Material for this task section start

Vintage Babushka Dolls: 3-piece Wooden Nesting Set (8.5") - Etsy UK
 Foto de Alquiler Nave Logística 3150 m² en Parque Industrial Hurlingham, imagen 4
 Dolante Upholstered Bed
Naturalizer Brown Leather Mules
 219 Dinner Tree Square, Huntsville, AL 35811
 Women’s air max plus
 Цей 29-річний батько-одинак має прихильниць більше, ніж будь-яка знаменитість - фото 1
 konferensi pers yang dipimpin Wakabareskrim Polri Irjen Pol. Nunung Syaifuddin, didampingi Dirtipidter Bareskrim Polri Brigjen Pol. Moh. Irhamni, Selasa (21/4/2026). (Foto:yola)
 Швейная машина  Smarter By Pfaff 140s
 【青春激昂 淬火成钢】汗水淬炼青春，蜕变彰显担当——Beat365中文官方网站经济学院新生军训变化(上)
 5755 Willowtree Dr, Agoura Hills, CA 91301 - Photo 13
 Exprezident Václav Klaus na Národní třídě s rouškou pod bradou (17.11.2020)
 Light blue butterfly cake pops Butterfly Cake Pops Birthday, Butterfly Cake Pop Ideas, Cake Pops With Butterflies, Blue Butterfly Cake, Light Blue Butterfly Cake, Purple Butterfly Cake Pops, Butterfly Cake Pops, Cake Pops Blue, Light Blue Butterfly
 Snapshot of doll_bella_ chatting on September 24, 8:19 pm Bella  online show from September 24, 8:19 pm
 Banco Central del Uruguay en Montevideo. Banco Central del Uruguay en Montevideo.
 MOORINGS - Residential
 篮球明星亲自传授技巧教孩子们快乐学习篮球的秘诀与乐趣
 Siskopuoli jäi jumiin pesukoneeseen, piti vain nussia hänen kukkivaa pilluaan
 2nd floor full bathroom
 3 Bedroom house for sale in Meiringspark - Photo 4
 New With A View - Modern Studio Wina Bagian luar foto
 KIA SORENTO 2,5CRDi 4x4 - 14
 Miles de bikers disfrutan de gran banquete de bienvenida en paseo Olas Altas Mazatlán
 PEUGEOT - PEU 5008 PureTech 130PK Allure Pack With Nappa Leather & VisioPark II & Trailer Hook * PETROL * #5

Material for this task section end

Work item |
Exact copy required. Repeat the material above in full.

Answer to this problem |
Vintage Babushka Dolls: 3-piece Wooden Nesting Set (8.5") - Etsy UK
 Foto de Alquiler Nave Logística 3150 m² en Parque Industrial Hurlingham, imagen 4
 Dolante Upholstered Bed
Naturalizer Brown Leather Mules
 219 Dinner Tree Square, Huntsville, AL 35811
 Women’s air max plus
 Цей 29-річний батько-одинак має прихильниць більше, ніж будь-яка знаменитість - фото 1
 konferensi pers yang dipimpin Wakabareskrim Polri Irjen Pol. Nunung Syaifuddin, didampingi Dirtipidter Bareskrim Polri Brigjen Pol. Moh. Irhamni, Selasa (21/4/2026). (Foto:yola)
 Швейная машина  Smarter By Pfaff 140s
 【青春激昂 淬火成钢】汗水淬炼青春，蜕变彰显担当——Beat365中文官方网站经济学院新生军训变化(上)
 5755 Willowtree Dr, Agoura Hills, CA 91301 - Photo 13
 Exprezident Václav Klaus na Národní třídě s rouškou pod bradou (17.11.2020)
 Light blue butterfly cake pops Butterfly Cake Pops Birthday, Butterfly Cake Pop Ideas, Cake Pops With Butterflies, Blue Butterfly Cake, Light Blue Butterfly Cake, Purple Butterfly Cake Pops, Butterfly Cake Pops, Cake Pops Blue, Light Blue Butterfly
 Snapshot of doll_bella_ chatting on September 24, 8:19 pm Bella  online show from September 24, 8:19 pm
 Banco Central del Uruguay en Montevideo. Banco Central del Uruguay en Montevideo.
 MOORINGS - Residential
 篮球明星亲自传授技巧教孩子们快乐学习篮球的秘诀与乐趣
 Siskopuoli jäi jumiin pesukoneeseen, piti vain nussia hänen kukkivaa pilluaan
 2nd floor full bathroom
 3 Bedroom house for sale in Meiringspark - Photo 4
 New With A View - Modern Studio Wina Bagian luar foto
 KIA SORENTO 2,5CRDi 4x4 - 14
 Miles de bikers disfrutan de gran banquete de bienvenida en paseo Olas Altas Mazatlán
 PEUGEOT - PEU 5008 PureTech 130PK Allure Pack With Nappa Leather & VisioPark II & Trailer Hook * PETROL * #5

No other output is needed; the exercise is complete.